◆ Records for this exercise ◆
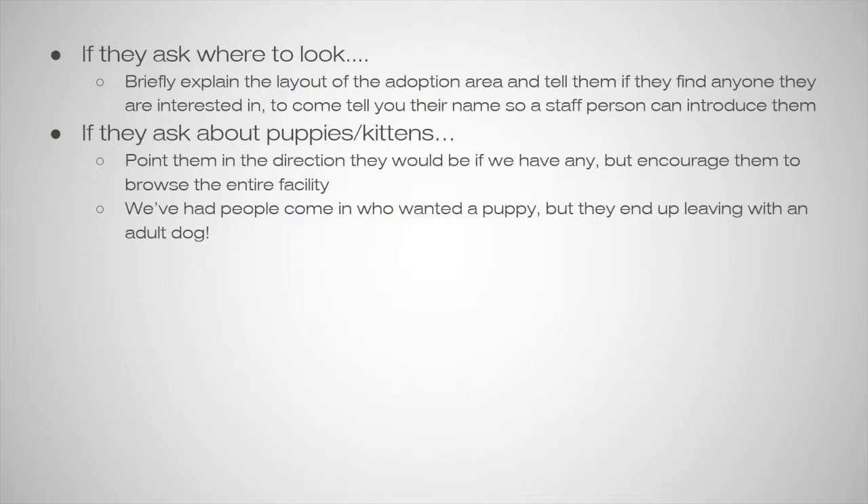It's usually good to explain the different dog kennels. If anyone ever asks about the suites, a lot of times those are just for long-timers or dogs that maybe don't show as well in the kennel. Of course, point them to the small dog or puppy room and where the cats are. If someone asks specifically about puppies and kittens, direct them to where they would be, but always encourage everyone to browse the entire facility — we've had people come in wanting a puppy and leave with an adult dog because they make that connection.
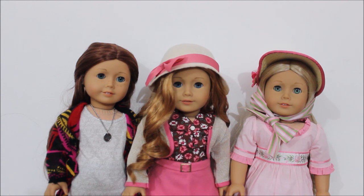Caroline is a historical character that is now retired from American Girl and she is a stunner, but I would never recommend her to someone getting their first doll or to a really young kid, because her hair is a little messy to deal with since it's super curly and super long and it can become a mess very, very fast.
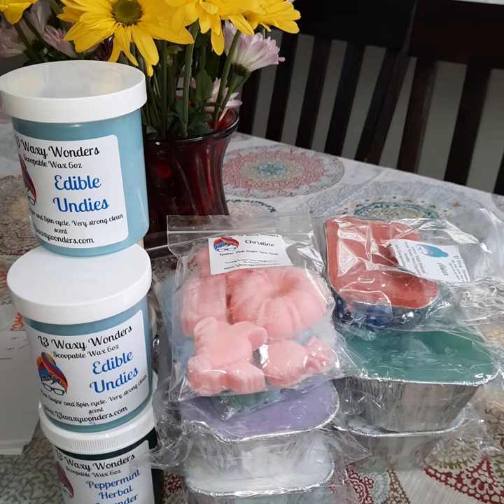If you guys ordered anything from this pre-order, leave it in the comments, let me know what you got, let me know which one was your favorite, and I'll see you in the next one. Bye guys!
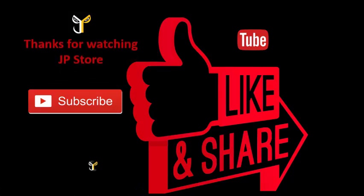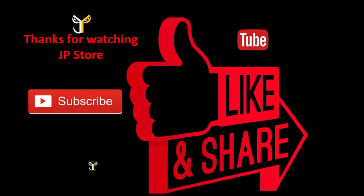Thanks for watching JP store. Please do subscribe, like, and share. See you next time.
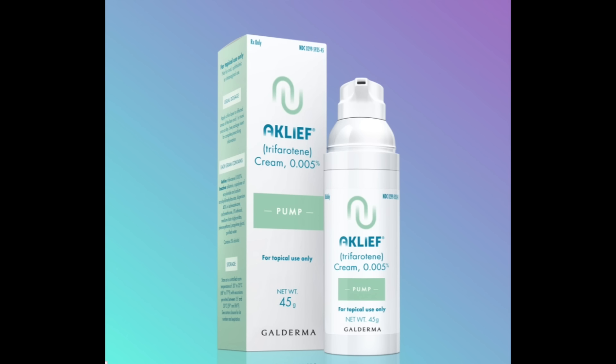Tretinoin can be used on the back to treat back acne just like the face, but success is kind of variable. A newer retinoid called trifarotene is a lot more specific for certain retinoid receptors and is FDA approved for treating acne on the trunk. If there's an element of Malassezia folliculitis, your dermatologist might prescribe a topical antifungal such as ketoconazole, and may even prescribe a course of an oral antifungal to address that.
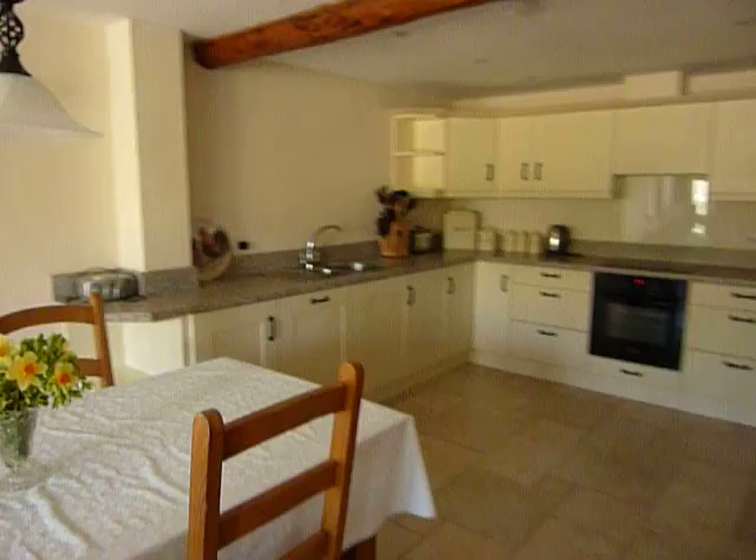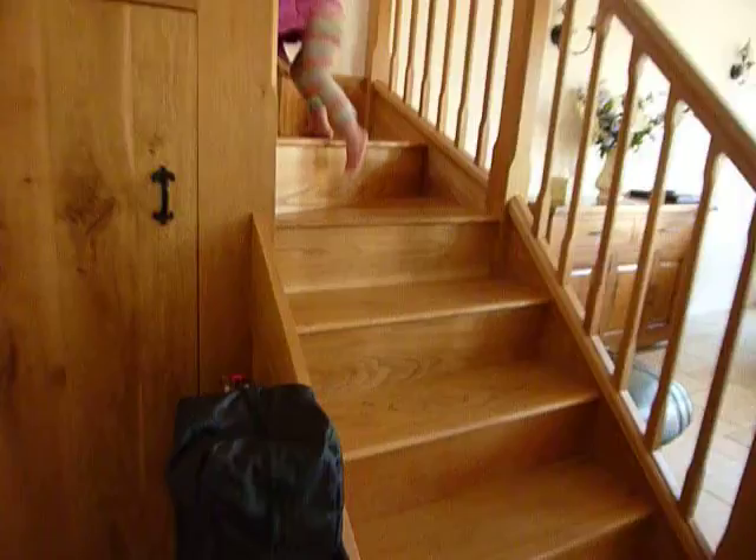Massive kitchen for entertaining. So the downstairs cloakroom — the washing machine will tumble dry. And then let's go upstairs.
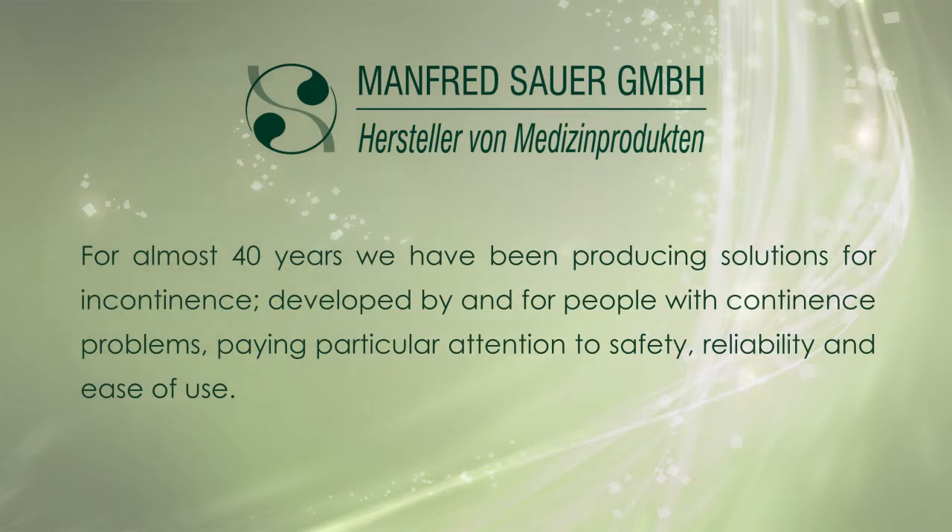For almost 40 years we have been producing solutions for incontinence, developed by and for people with continence problems, paying particular attention to safety, reliability and ease of use.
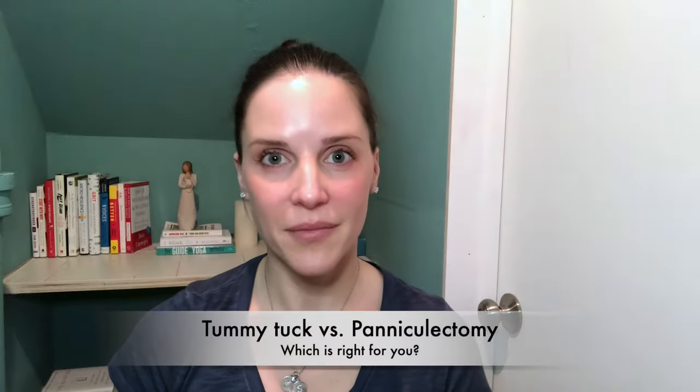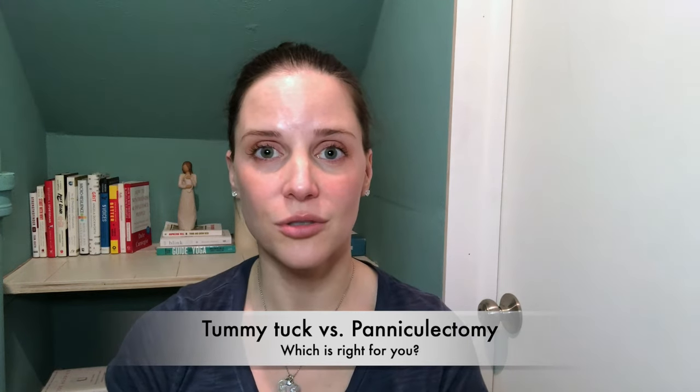Hi, I'm Dr. Jennifer Greer. I'm a board-certified plastic surgeon who specializes in body contouring and breast surgery. I also do some facial aesthetics, including eye lift and facelift. But today I want to talk about the difference between tummy tuck and paniculectomy.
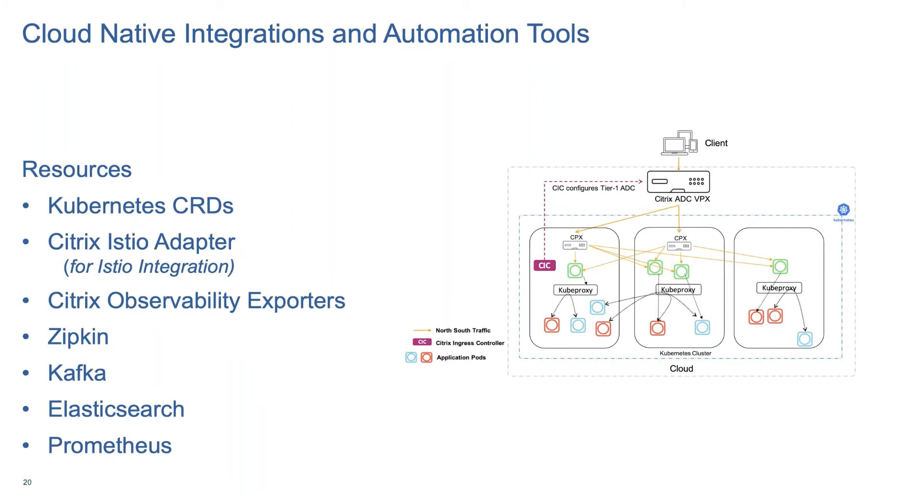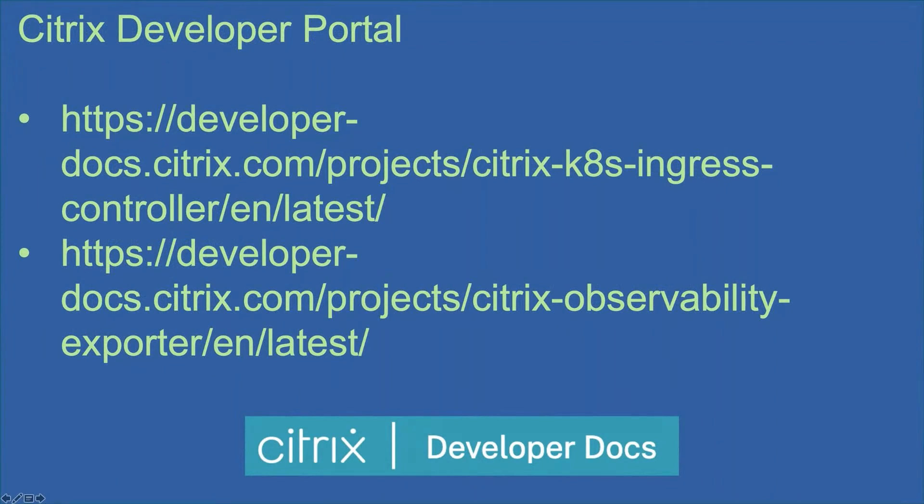Prometheus is basically a monitoring solution that helps you store time series data like metrics. When you add Prometheus as a source to visualization tools like Grafana and Kibana, you can get more information out of these metrics. Because Citrix ADC is in the data path, it sees all the traffic passing through your ADC infrastructure and has very rich metrics available. The Citrix exporter converts this time series data into something usable with Prometheus and other visualization tools. Here is a link to the developer portal where you can find more information about these cloud native resources.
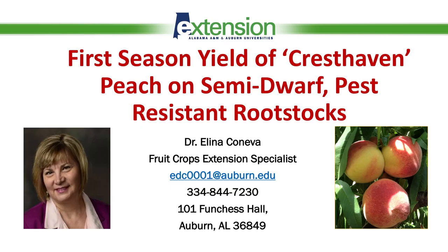Good morning, everyone. Today I'm going to share the results of our experiment. This is the first season yield of Cresthaven peach grafted on semi-dwarf and pest-resistant rootstocks.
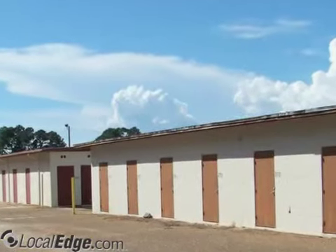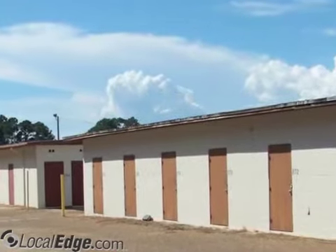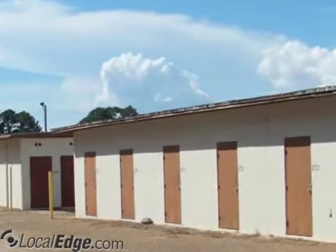4A Mini Storage has been serving the Fort Walton Beach and surrounding area since 1973. We have passed every hurricane's fury and attribute our success to our concrete block construction.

◆ To do ◆
The copy should hold exactly the lines above from the one with "Tretinoin can be" through the one with "Hi, I'm Dr.", both ends counted, and no pictures at all.

◆ Exercise solution ◆
Tretinoin can be used on the back to treat back acne just like the face, but success is kind of variable. A newer retinoid called trifarotene is a lot more specific for certain retinoid receptors and is FDA approved for treating acne on the trunk. If there's an element of Malassezia folliculitis, your dermatologist might prescribe a topical antifungal such as ketoconazole, and may even prescribe a course of an oral antifungal to address that.
Massive kitchen for entertaining. So the downstairs cloakroom — the washing machine will tumble dry. And then let's go upstairs.
For almost 40 years we have been producing solutions for incontinence, developed by and for people with continence problems, paying particular attention to safety, reliability and ease of use.
Hi, I'm Dr. Jennifer Greer. I'm a board-certified plastic surgeon who specializes in body contouring and breast surgery. I also do some facial aesthetics, including eye lift and facelift. But today I want to talk about the difference between tummy tuck and paniculectomy.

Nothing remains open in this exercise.